Lilium Bosniacum dedi ki...

niye bilmem ama benim kafamda daha tombul biri vardı :) utanma iconu nasıl yapılıyosa ondan işte :))

neo dedi ki...

şarkı pek güzelmiş. periciğim, sen şu henry james yazısını yazsan da conrad serisi, sayfanın aşağılarına inse :) kendi kendime yabancılaştım gidip gelip resimlere bakınca :)

sevgiler

endiseliperi dedi ki...

lillium,
neo yu ben kumral, tombulca, parlak pembe yanaklı sanıyordum, yıllar önce ilk fotoğrafını görmeden. galiba şu pastane, dondurma, kek, kurabiye sözcüklerinin neo nun dilinden çok lezzetli çıkmasından. ilk fotoğrafı görünce şaşırdım, ama pek beğendim.

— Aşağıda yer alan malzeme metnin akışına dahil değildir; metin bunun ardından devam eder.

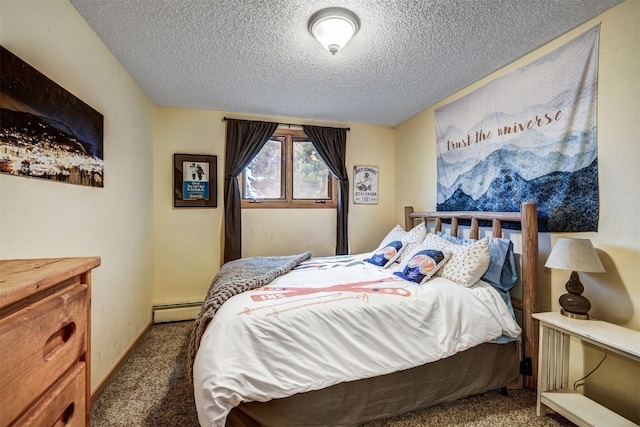 311 S High St Unit 108, Breckenridge, CO 80424 - bedroom featuring carpet flooring, a textured ceiling, and a baseboard heating unit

elimde neo'nun başka fotoğrafları da var, boydan, filan. çok zarif, çok hoş bir duruşu var. bu conradlı fotoğrafı pek göstermiyor neo'yu. ama neo ne tatlı, ne çocuksu; işte conrad, işte ben, bu da badem'in kulakları şeklinde tarif ediyor fotoğrafı:)

senden de beklerim lilium bir conradlı fotoğraf:)

sevgiler.

endiseliperi dedi ki...

cık.
ben çok mesudum böyle. çok tatlısın. lansmanını da burdan yaptık ya, çok heyecanlıyım:)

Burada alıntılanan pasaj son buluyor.